I've seen enough of these links in the comments of news stories about EVE.  Yes, even on Forbes some EVE player almost always manages to include a buddy link.  So why not on the blog?  To tell the truth, I really don't know.  For now though, I'll just keep things they way they are.

10 comments:

  1. Thanks for doing what you're doing, the way you're doing it.

    ReplyDelete
  2. My husband suggests every few weeks I allow a few simple ads.

    I tell him no each time.

    That isn't why I'm writing.

    ReplyDelete
  3. I don't think you'd need to exclusively post Eve content to qualify as a fan site - just maintain regular posts about Eve.

    Certainly there will be a lot of generic game sites out that that will be getting even bigger freebies and probably rarely write about Eve (eg think how many media passes/hotels/flights get given out to "professional" game journalism sites for things like Fanfest?)

    ReplyDelete
  4. Heh, I am so anti-ads that I actually pay WordPress.com to not inject the occasional ad into my main blog. They were, inevitably, gold seller ads.

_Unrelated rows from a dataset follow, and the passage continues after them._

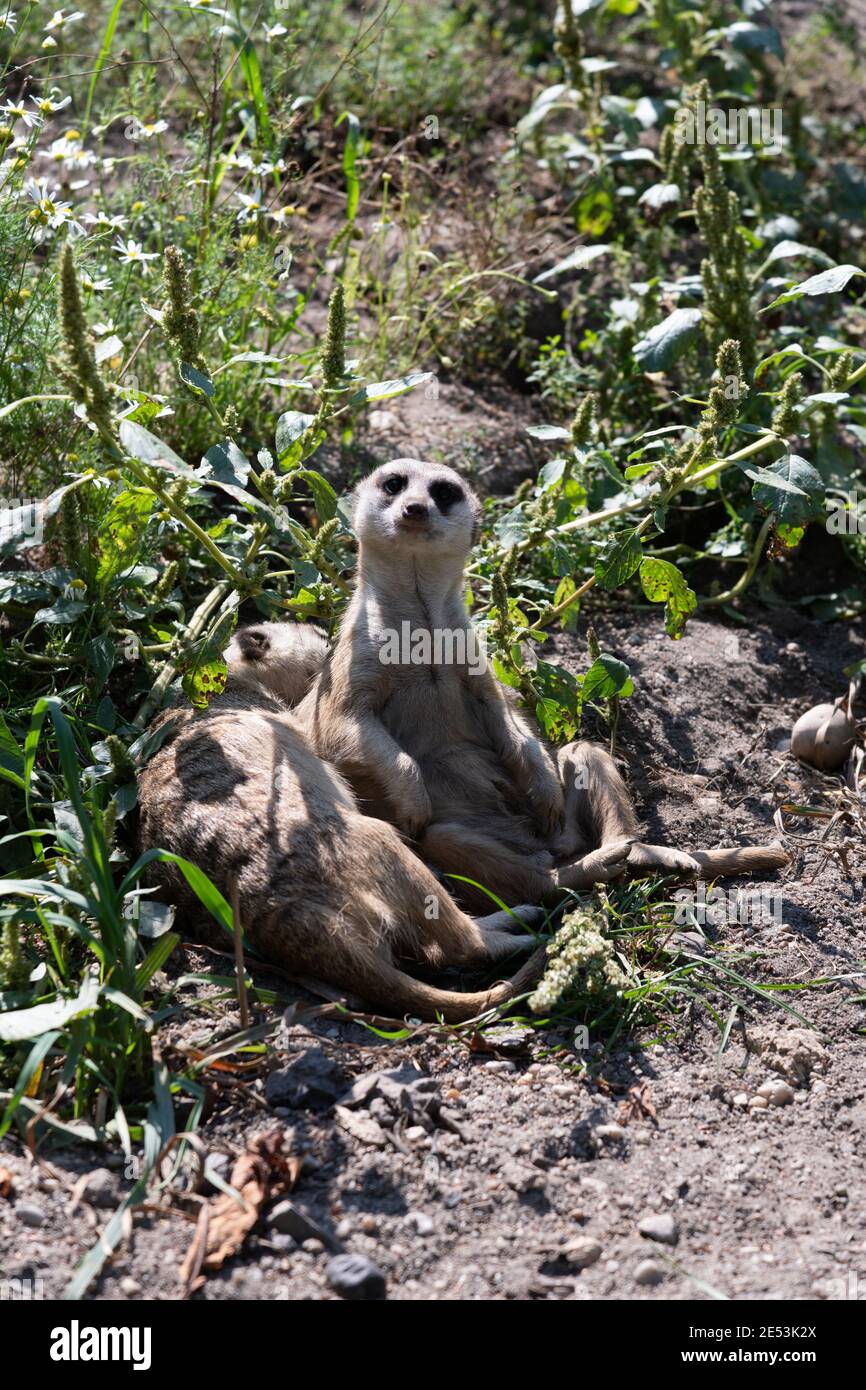 Two Meerkats in the shade, one sleeping Meerkat, one watchful and guarding Meerkat Stock Photo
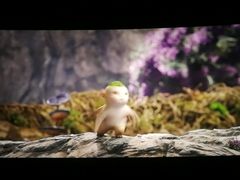 -荣威·上海儿童艺术剧场-停车场
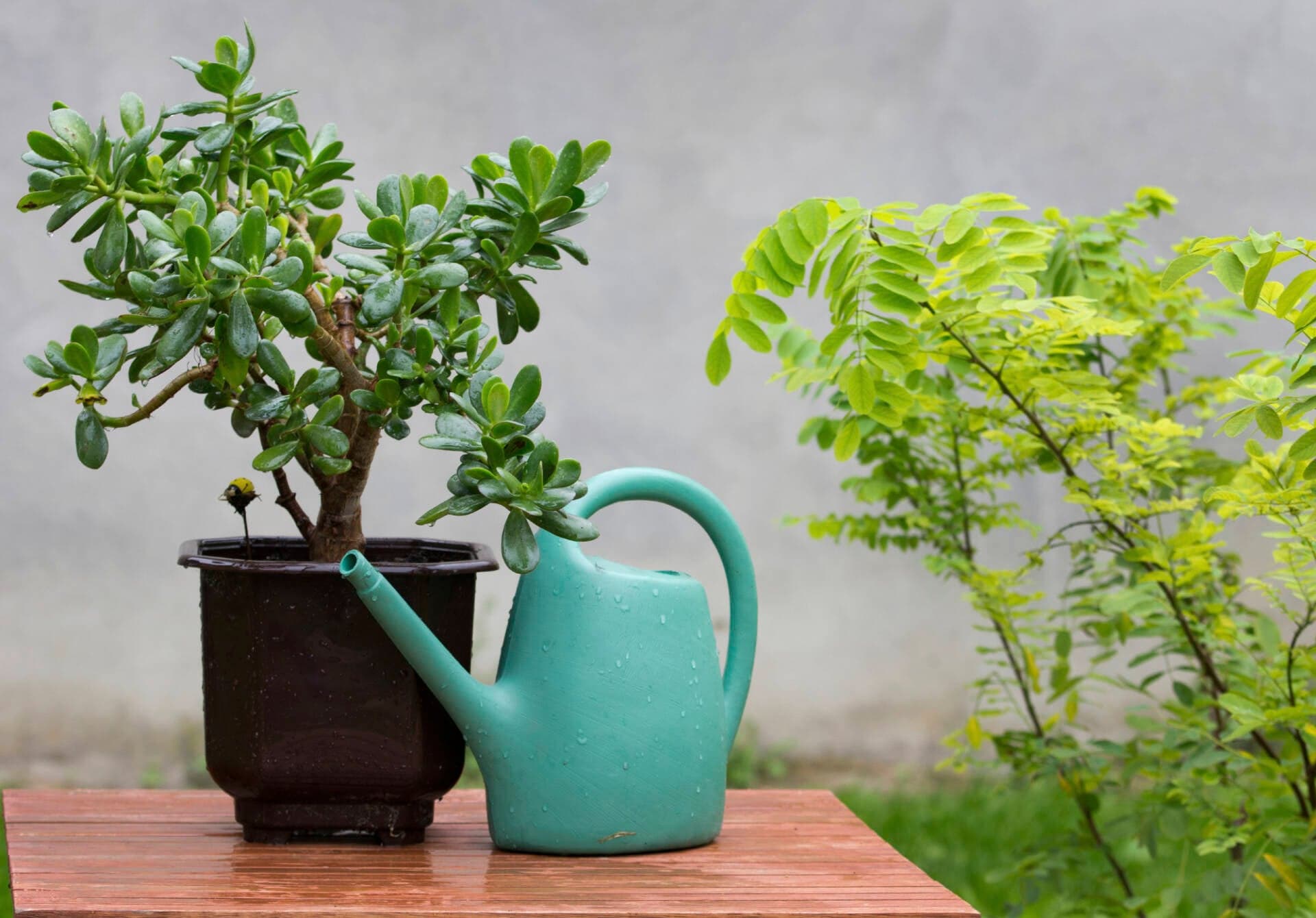 Nhà hướng Bắc nên trồng cây gì để dễ chăm sóc, vừa đẹp vừa đón tài lộc?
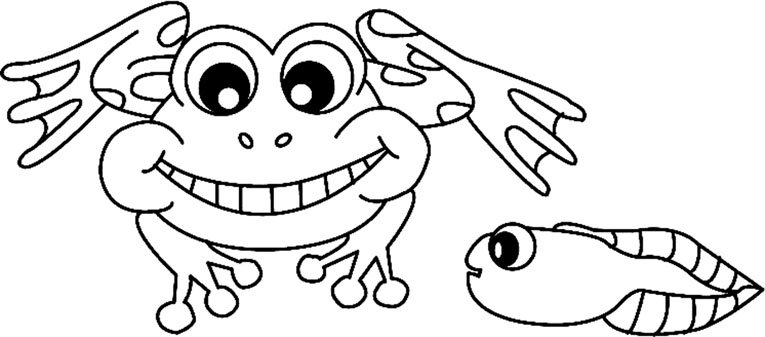Grenouille 04 - motif à imprimer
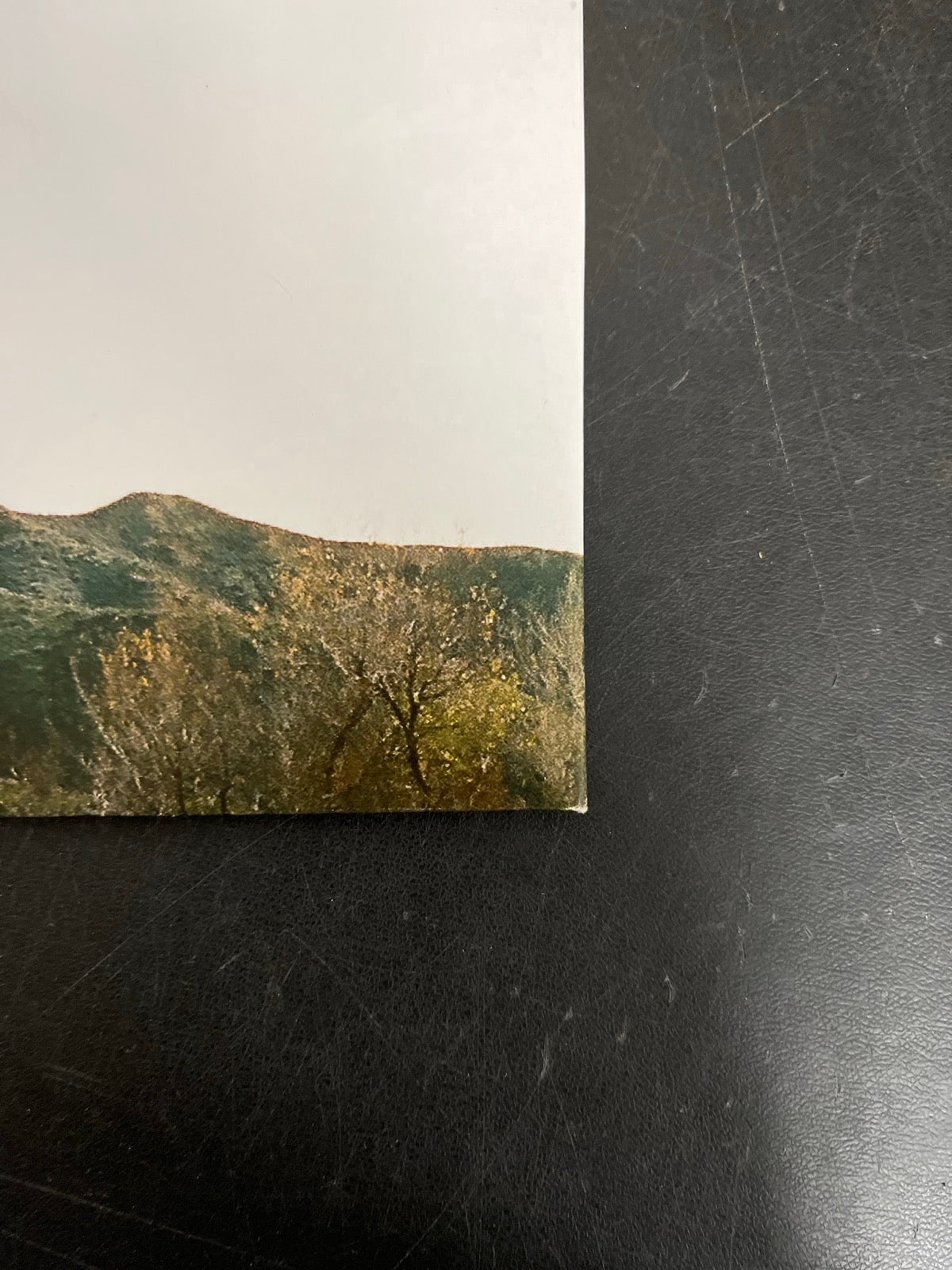 BACK_BR - Tyler, The Creator - Wolf LE Pink Vinyl USED NOT TESTED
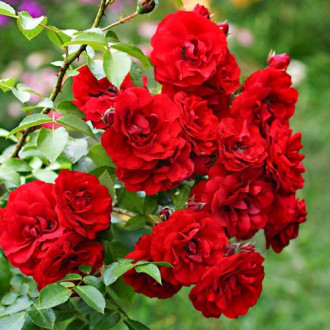 Růže floribunda Little Buckaroo obrázek 5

    I have actually considered the fan site thing for my other blog, EVE Online Pictures... though I am not sure that posting two or three screen shots a week would qualify me. But my main blog is way too far ranging when it comes to what I am playing to be considered an EVE fan site.

    ReplyDelete
  5. To my great surprise, my blog is on the official fansites! That's 7.5B savings a year. One week free fighting against the evil Goons!

    ReplyDelete
    Replies
    1. That made me laugh in real life. Thanks!

      Delete
  6. Perhaps if you didn't want the fansite payment from CCP you could claim it and donate it to one of their charity drives.

    ReplyDelete
  7. I put up a buddy program link on my blog as soon as they came out and it's gotten me about a dozen PLEX. Not a whole lot but still it is kind of nice.

    But my blog doesn't have a big readership, a blog with more readers would get a lot more out of a buddy link.

    And good for you refusing to put ads up. They'd mostly be RMT ads anyhow.

    ReplyDelete
  8. Stick to the "no ads" please. most of them are ugly and would destroy you shiny page layout.

    A subtle link (maybe with picture) to your buddy invite link is related to the topic you cover. And every new trial account getting in with 14 days instead of 21 is one too much. You most likely don't get rich with that link but if you do and don't want to, store the plexes for charity events.

    ReplyDelete
  9. I'm not against ads per se, but I would need to block all the RMT adds. I still haven't decided what I'll do when I hit critical mass as far as traffic is concerned. You gave me something to think about.